At Sibos corporate treasurers and banks came together to explore key trends shaping the future of global treasury
Delivering a smooth and efficient experience is crucial for banks to support their corporate customers in growing their business in a competitive market. At Sibos 2019, we hosted a two-day programme of talks and interactive sessions exploring how banks and corporates leverage collaboration to meet these challenges.
We’ve picked out three key trends shaping the future of global treasury.
Know Your Customer (KYC) processes are being simplified
KYC is one of the biggest challenges in the compliance space, both for financial institutions and corporates. Data is frequently disseminated across multiple sources and is often incomplete or out of date, which can cause costly delays.
In a recent survey, carried out in partnership with Eurofinance, 93% of treasurers reported that responding to KYC requests was more challenging today than it was five years ago. The survey also showed that delays in KYC processes have an impact on account opening and, in some cases, directly affect treasurers’ decisions to work with specific banks.
This was a key driver of the conversation held at Sibos during the session ‘KYC utilities: what does success look like’. The discussion, moderated by Barbara Casu, Director of the Centre for Banking Research, Cass Business School – City University of London, explored the benefits of investing in data collection, standardisation and verification.
Considering these challenges and the consequences on their relationships, both corporates and banks on the panel recognised that this needs to be simplified.
‘The expansion of our KYC Registry to corporates is the result of close collaboration with our community of banks and corporates. By opening the registry to corporates, we are empowering banks and corporates to tackle the inefficiencies arising from the lack of standardisation across data and jurisdictional requirements.’ said Marie-Charlotte Henseval, SWIFT’s Head of KYC Compliance Services.
End-to-end payments tracking is increasingly becoming a must have
Speed, certainty and fee transparency on payments are essential to effectively run treasury and cash management processes. As they internationalise their operations, corporates can face challenges around the status of cross-border payments and how much they are charged for them.
Banks have already taken steps to improve the customer experience through SWIFT gpi, streamlining the way they can respond to customer queries. Some have taken this further by enabling access to gpi tracking information through online banking portals, giving visibility around payment flows directly to their customers. But, when doing business with several banks, corporates still have to log in through each individual portal to keep track of all their payments.
At Sibos, both banks and corporates joined us to discuss these challenges in our ‘Creating value for corporates’ session. Moderated by Sebastian Rojas, Head of SWIFT gpi for corporates, the panel gathered speakers from Airbus, BNP Paribas, Booking.com and HSBC, to discuss how banks are extending the value of gpi to their corporate clients with direct payment initiation and tracking information into ERP and TMS systems.

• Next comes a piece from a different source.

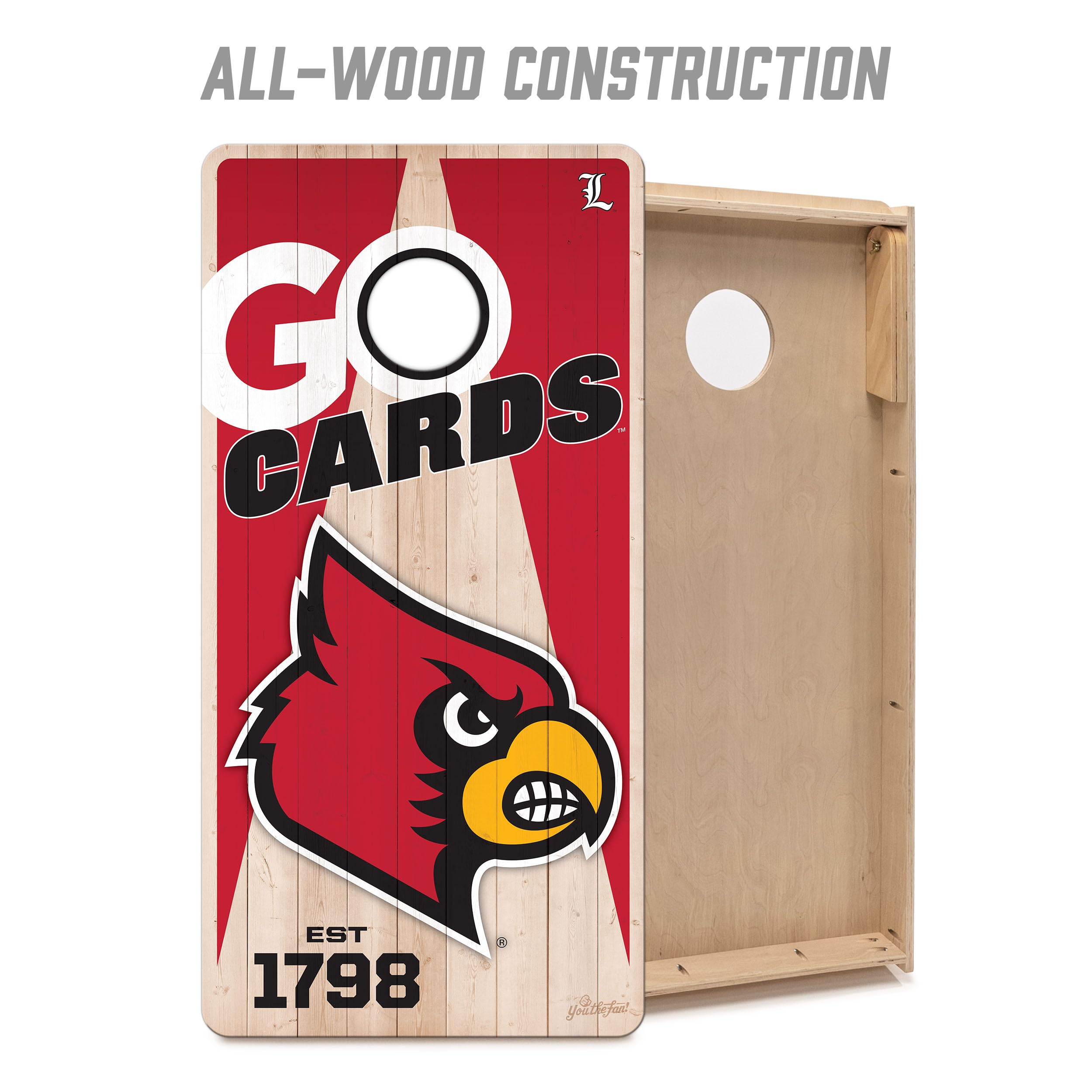 YouTheFan NCAA Louisville Cardinals 2’ x 4’ Professional Wood Cornhole Game with Logo Bags - Sports Collectibles, Sports Memorabilia, Sports Fan Shop, Sports Gifts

“Large corporates are not only looking to automate their treasury processes; they also want to be able to obtain and integrate crucial payment data such as tracking, fees, performance, etc. into their treasury systems. By doing so, they can obtain higher visibility on what is happening with their payments, identify any hold-ups along the way and most importantly proactively address queries or claims without having to contact their banks.” said Sebastian Rojas. “gpi for corporates now enables multi-bank payment tracking and full visibility across the payment process.”
Digitisation and automation to change the face of trade finance
Visibility and transparency are the most common challenges affecting the growth of trade finance business - which still heavily relies on paper-based exchanges and manual processing. Our recent joint report with Boston Consulting Group (BCG), presented at Sibos 2019, explores the emergence of new trade finance ecosystems.
Findings show that in the past few years, the industry has turned to new trade platforms to solve these issues, but these are yet to meet a meaningful adoption rate to fully deliver on the promise.
According to the report, the current ecosystem of platforms still lacks the standards and inter-connectivity needed to enable wider adoption.
At Sibos, the corporate and banking community gathered with us to draw key learnings from standardisation and co-creation in cross-border payments and to explore how this can support the evolution of trade finance.